À la suite d’un contrôle d’employeur, la caisse de compensation compétente procède à la conversion du dividende en salaire déterminant pour un montant de CHF 140’000.- soumis aux cotisations sociales.
Sur recours, le Tribunal administratif du canton de Glaris réduit la conversion à un montant de CHF 110’000.-.
Les médecins ainsi que la caisse de compensation exercent un recours en matière de droit public au Tribunal fédéral. Celui-ci doit se prononcer sur la qualification d’un dividende en tant que salaire déterminant.
Droit
Conformément aux art. 4 et 5 LAVS, les cotisations ne sont perçues que sur le revenu d’une activité lucrative. Aucune cotisation n’est due en lien avec les rendements de la fortune.
Le Tribunal fédéral rappelle que la qualification d’une rémunération dépend du but et de la fonction de la rétribution – la dénomination juridique ou économique de celle-ci n’étant d’aucune pertinence. Dès lors, des avantages résultant de participations à une société anonyme – tels que des dividendes – peuvent être convertis en revenu soumis à cotisations. Tel est en particulier le cas lorsque la rémunération trouve son fondement essentiel dans le rapport de travail.

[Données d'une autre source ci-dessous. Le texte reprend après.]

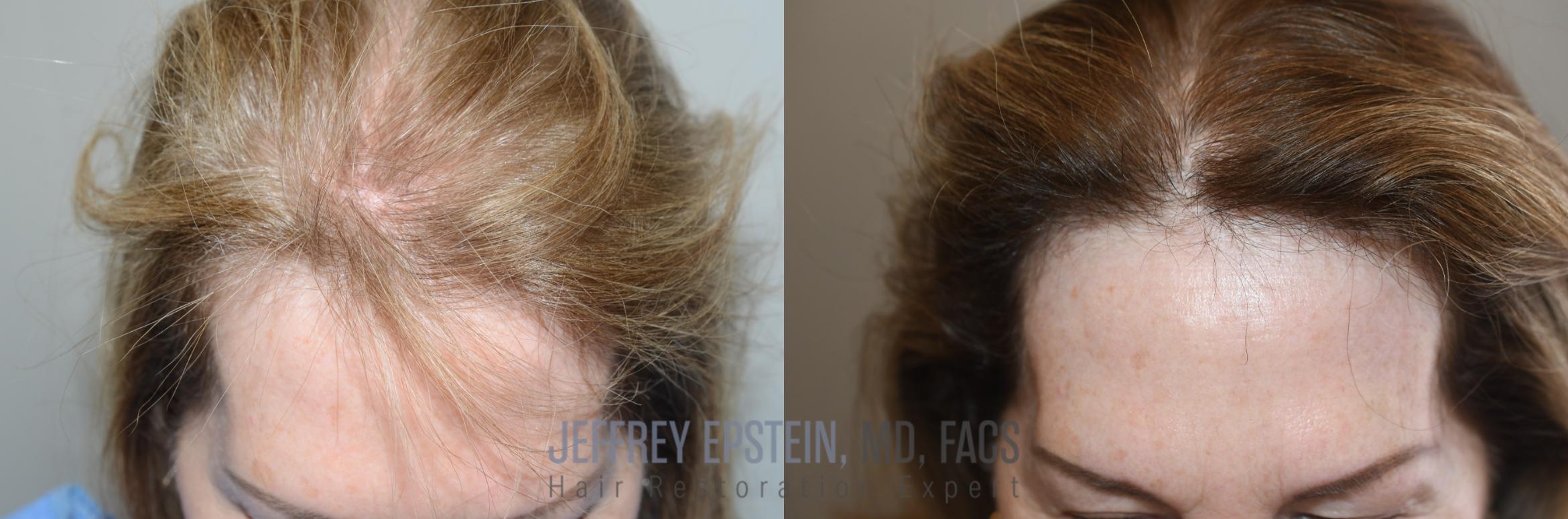 Before & After Hair Transplants For Women Case 264 Front View in Miami, FL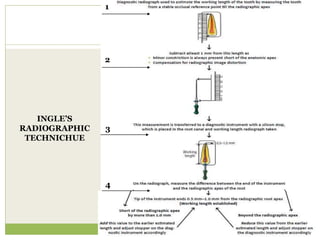 INGLE’S
RADIOGRAPHIC
TECHNICHUE
1
2
3
4
 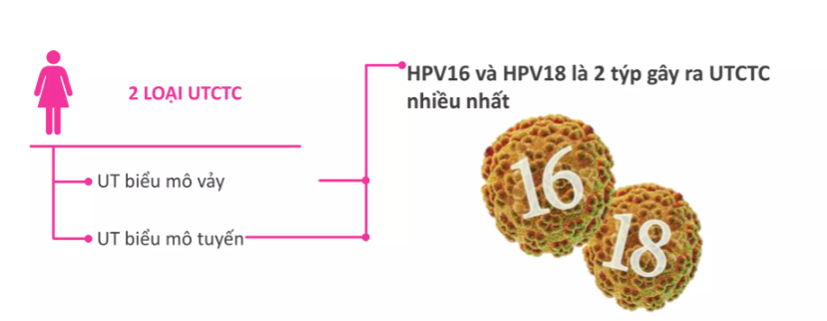 HPV16 và HPV18 - 2 thể là nguyên nhân gây ung thư cổ tử cung phổ biến nhất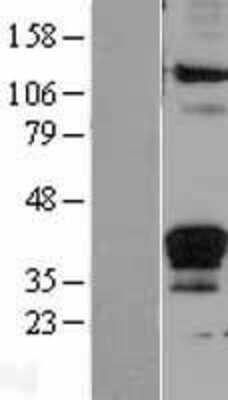 Western Blot: Fas Ligand/TNFSF6 Overexpression Lysate [NBL1-10600]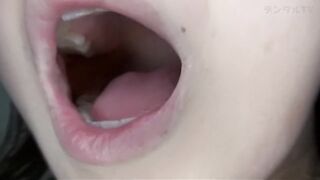 Mouth Uvula 10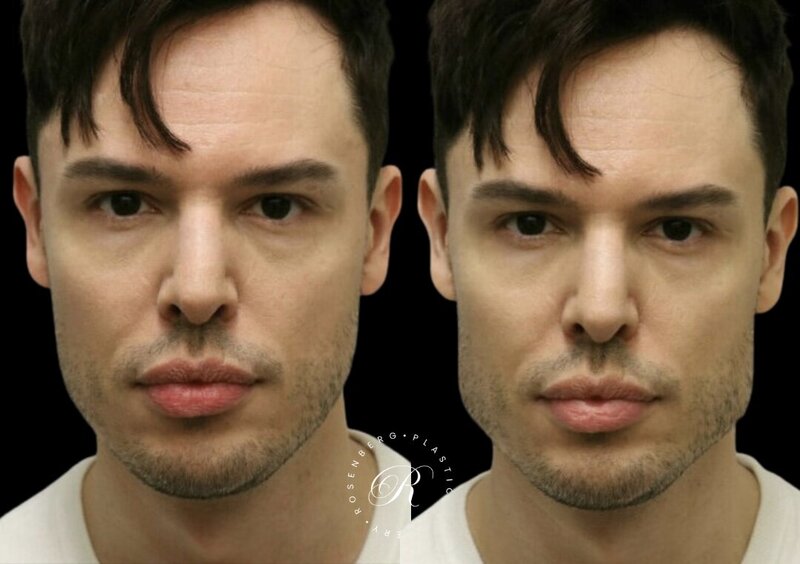 Non-surgical ChinJaw Augmentation RPS Before & After.zip - 17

Concernant la délimitation entre salaire et dividende, le Tribunal fédéral rappelle sa jurisprudence selon laquelle il y a lieu de déroger à la répartition choisie par la société s’il existe une disproportion manifeste entre la prestation de travail et le salaire ainsi qu’entre le capital propre engagé dans l’entreprise et le dividende reversé (ATF 141 V 634). Pour analyser la disproportion, il faut donc comparer, au regard des circonstances objectives et subjectives du cas d’espèce, d’une part, le salaire déclaré à l’AVS avec un salaire usuellement versé dans la branche et d’autre part, le montant du dividende versé avec la valeur de marché de l’action. En cas de disproportion avérée, le dividende reversé est converti en conséquence en salaire déterminant soumis aux cotisations.
De l’avis de la caisse de compensation ainsi que de l’Office fédéral des assurances sociales (OFAS), il convient de renoncer au critère de la disproportion et de considérer tout dividende excédant de 10% la valeur fiscale de l’entreprise comme faisant partie du revenu déterminant. Dans ce sens, les précités sollicitent un revirement de jurisprudence.

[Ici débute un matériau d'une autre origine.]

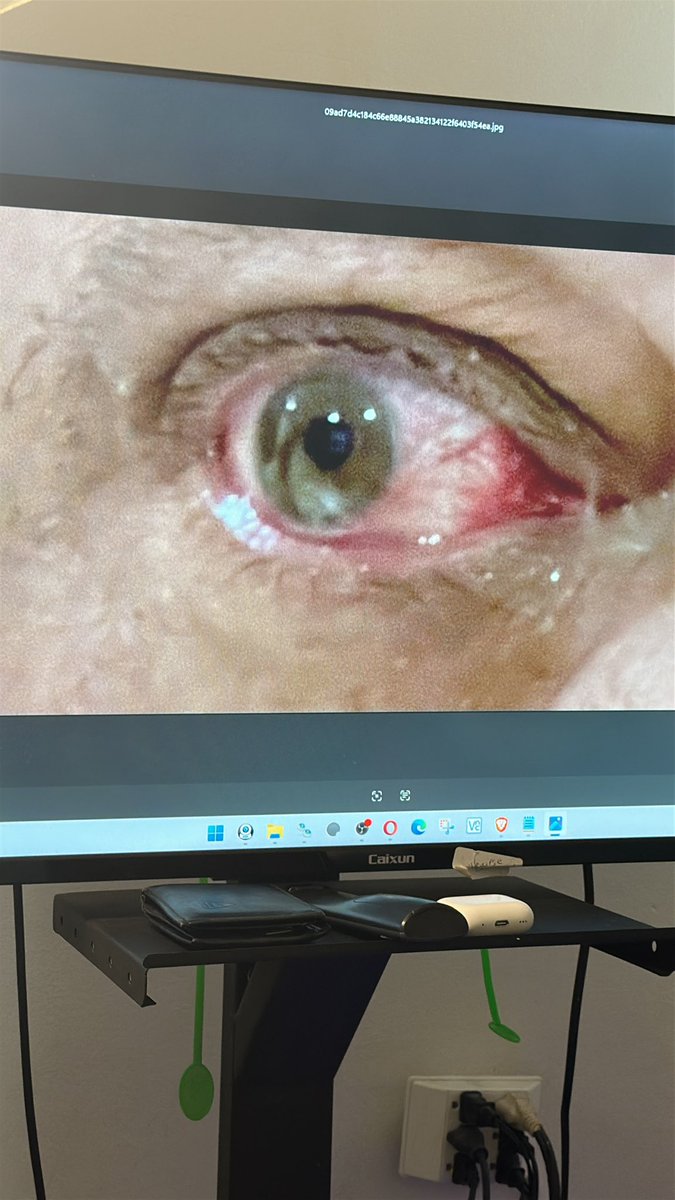 Michaelmagno_'s tweet photo. One guy made the eyes of this old pig  red …. And the pig feels scared of meet with me …. The reason I don’t have limits https://t.co/kQbNLgLYEs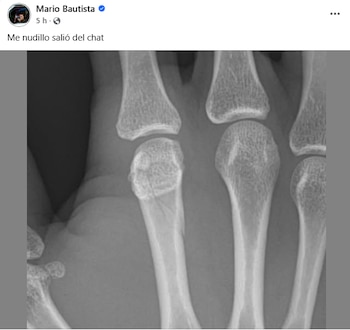 La derrota en menos de tres minutos sorprendió a los asistentes
(Facebook)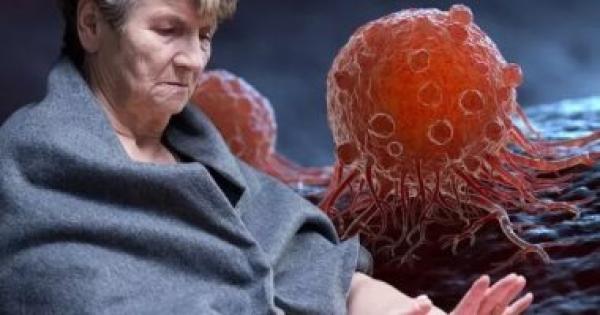 طبيب أورام يقدم نصائح ذهبية لتقليل خطر الإصابة بالسرطان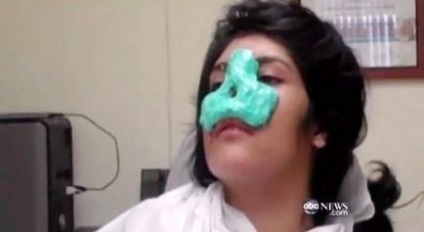 Afgán lány, akinek a férje levágta az orrát, tett egy új arc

Le Tribunal fédéral constate que le souhait exprimé par la caisse de compensation ainsi que par l’OFAS engendre potentiellement des conséquences non seulement au niveau des cotisations sociales mais également fiscales. En effet, les dividendes reconvertis en salaire ferraient également l’objet d’une imposition différente à titre de revenu.
De l’avis du Tribunal fédéral, la solution voulue par la caisse de compensation ainsi que l’OFAS outrepasse la volonté du législateur et ne relève pas d’une application conforme au but de la loi. Elle n’appelle donc pas un revirement de jurisprudence. Le Tribunal fédéral ajoute que le souhait exprimé par la caisse de compensation ainsi que l’OFAS exigerait plusieurs modifications législatives et qu’il n’appartient pas au Tribunal fédéral de procéder à ces modifications par la voie du revirement de jurisprudence. Le Tribunal fédéral confirme donc sa jurisprudence développée dans l’ATF 141 V 634 précité.

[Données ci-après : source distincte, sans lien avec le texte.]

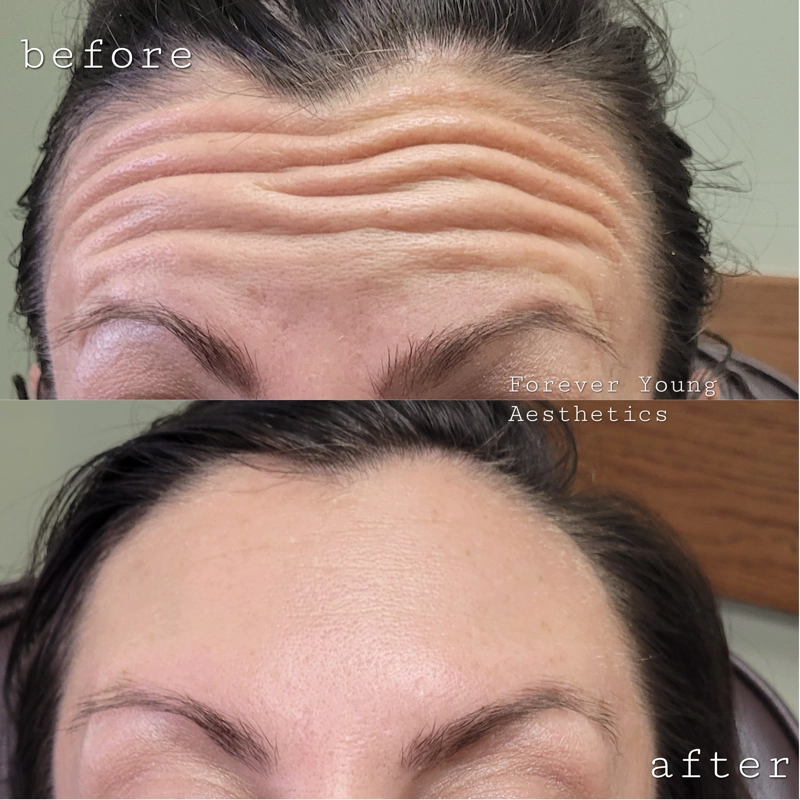 Before & After 4
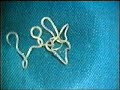 parásito palpebral   extracción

Dans le cas d’espèce, le Tribunal fédéral estime que l’instance précédente a correctement converti une partie des dividendes reversés par la société en tant que revenu déterminant soumis aux cotisations sociales. En effet, les salaires versés par la société aux médecins étaient manifestement inférieurs aux salaires usuels de la branche et le rendement en capital des actions supérieur à 10% de la valeur effective des titres. La reprise porte sur la différence entre le montant des salaires en l’occurrence versés et le montant d’un salaire usuellement appliqué dans la branche.
Partant, le Tribunal fédéral confirme le jugement de l’instance inférieure et rejette les recours des médecins ainsi que de la caisse de compensation.